**Task item**
Your answer is the lines below, exactly, from the one that contains "Vrouwenmodel draagt Maxikleid" through the one that contains "Neighborhoods across Eola", both included.

Brief descriptive captions

================================

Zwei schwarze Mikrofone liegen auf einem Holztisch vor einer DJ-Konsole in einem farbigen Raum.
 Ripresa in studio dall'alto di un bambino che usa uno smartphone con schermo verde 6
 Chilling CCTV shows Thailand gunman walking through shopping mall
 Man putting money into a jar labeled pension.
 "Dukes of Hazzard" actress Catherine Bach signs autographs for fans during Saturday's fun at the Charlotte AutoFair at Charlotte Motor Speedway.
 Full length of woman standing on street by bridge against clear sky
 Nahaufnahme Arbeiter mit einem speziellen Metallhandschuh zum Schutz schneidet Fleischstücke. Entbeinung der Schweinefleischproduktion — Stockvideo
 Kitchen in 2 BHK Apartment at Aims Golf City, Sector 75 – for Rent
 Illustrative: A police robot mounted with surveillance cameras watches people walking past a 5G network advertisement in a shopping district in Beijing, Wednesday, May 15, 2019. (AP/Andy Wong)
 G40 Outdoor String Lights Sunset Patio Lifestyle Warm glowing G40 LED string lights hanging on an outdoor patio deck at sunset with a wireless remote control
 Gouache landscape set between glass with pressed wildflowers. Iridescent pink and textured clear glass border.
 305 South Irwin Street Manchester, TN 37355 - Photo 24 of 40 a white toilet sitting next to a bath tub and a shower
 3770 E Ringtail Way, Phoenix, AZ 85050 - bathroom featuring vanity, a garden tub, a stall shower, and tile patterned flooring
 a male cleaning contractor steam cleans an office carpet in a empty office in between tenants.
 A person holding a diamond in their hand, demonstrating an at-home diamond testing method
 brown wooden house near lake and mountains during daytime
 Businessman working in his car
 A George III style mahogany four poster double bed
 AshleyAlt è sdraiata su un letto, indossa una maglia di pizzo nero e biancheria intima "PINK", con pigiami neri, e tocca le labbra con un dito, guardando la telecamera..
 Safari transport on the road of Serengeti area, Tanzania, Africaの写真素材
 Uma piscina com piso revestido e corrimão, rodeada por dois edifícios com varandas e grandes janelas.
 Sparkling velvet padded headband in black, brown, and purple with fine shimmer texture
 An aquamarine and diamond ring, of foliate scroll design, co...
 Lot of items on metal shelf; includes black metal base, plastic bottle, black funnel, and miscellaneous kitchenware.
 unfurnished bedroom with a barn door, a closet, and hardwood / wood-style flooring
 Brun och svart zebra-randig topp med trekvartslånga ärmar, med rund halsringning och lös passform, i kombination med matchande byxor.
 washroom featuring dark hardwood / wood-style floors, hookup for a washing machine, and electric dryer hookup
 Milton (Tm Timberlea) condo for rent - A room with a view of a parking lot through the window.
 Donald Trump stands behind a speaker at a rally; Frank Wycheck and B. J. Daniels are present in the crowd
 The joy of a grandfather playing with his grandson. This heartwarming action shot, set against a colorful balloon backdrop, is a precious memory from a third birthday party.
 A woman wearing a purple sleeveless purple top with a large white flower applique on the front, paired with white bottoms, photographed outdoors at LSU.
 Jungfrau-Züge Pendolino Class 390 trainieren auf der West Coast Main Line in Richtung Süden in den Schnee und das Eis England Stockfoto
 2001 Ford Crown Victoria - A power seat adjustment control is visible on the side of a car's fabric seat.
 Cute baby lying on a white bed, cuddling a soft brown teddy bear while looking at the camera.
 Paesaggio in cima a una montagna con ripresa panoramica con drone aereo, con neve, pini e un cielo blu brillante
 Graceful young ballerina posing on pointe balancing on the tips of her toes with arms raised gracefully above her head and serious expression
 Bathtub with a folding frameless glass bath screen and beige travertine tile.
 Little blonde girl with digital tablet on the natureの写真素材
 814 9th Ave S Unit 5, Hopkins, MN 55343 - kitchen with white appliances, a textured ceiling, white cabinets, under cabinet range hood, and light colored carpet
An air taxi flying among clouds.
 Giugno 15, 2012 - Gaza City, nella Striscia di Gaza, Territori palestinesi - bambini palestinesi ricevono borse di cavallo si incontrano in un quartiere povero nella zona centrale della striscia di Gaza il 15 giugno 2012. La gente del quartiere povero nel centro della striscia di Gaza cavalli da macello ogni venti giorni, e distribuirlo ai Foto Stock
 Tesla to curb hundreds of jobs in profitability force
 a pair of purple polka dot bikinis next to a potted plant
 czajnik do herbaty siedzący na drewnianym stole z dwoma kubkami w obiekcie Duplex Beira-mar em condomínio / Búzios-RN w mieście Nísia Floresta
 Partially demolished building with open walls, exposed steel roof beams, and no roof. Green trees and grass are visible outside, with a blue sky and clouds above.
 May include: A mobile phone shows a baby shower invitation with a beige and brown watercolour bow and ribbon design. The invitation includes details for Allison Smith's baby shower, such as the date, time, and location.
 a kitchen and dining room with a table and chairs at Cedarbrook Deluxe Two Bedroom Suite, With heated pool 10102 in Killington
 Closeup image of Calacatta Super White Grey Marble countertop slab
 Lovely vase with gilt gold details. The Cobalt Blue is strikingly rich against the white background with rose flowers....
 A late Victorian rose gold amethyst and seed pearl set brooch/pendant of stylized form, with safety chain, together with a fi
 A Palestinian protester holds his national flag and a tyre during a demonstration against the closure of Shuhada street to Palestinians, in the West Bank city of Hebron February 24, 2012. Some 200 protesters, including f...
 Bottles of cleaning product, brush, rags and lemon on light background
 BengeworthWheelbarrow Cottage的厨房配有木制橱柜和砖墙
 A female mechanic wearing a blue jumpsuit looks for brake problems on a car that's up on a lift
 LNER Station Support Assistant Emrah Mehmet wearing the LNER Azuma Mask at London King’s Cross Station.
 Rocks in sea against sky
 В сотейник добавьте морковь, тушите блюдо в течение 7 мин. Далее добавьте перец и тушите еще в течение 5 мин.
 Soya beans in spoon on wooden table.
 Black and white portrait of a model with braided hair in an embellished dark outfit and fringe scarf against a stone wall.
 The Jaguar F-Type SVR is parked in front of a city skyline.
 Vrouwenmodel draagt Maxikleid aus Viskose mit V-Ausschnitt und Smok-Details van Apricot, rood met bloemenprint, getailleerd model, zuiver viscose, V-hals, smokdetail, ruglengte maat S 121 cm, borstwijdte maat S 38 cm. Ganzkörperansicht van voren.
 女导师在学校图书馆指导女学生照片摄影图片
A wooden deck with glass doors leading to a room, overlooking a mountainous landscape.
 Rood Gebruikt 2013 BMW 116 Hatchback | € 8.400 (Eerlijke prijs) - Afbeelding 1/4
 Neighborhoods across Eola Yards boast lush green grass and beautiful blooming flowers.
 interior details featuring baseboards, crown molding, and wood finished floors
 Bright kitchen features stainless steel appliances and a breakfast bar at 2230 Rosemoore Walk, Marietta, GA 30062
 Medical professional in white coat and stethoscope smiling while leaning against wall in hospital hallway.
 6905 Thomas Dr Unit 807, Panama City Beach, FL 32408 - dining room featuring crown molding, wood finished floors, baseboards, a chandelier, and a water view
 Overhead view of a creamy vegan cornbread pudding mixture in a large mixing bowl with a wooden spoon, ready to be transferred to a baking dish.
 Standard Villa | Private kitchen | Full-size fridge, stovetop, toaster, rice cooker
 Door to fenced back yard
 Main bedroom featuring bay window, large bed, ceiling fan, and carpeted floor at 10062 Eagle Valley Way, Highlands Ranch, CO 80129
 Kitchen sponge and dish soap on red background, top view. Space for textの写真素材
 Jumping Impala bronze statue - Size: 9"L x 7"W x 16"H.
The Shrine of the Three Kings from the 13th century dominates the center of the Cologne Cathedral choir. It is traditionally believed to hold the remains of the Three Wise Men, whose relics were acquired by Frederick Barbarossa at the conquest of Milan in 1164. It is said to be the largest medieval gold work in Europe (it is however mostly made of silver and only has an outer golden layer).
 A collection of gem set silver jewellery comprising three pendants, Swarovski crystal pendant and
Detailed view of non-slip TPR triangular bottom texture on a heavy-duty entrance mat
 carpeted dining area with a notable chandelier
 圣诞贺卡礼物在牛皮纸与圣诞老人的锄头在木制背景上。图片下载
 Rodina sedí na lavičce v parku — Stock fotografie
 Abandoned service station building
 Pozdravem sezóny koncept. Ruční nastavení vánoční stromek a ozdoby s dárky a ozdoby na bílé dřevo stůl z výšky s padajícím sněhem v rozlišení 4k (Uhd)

================================

**Response to this task**
 Vrouwenmodel draagt Maxikleid aus Viskose mit V-Ausschnitt und Smok-Details van Apricot, rood met bloemenprint, getailleerd model, zuiver viscose, V-hals, smokdetail, ruglengte maat S 121 cm, borstwijdte maat S 38 cm. Ganzkörperansicht van voren.
 女导师在学校图书馆指导女学生照片摄影图片
A wooden deck with glass doors leading to a room, overlooking a mountainous landscape.
 Rood Gebruikt 2013 BMW 116 Hatchback | € 8.400 (Eerlijke prijs) - Afbeelding 1/4
 Neighborhoods across Eola Yards boast lush green grass and beautiful blooming flowers.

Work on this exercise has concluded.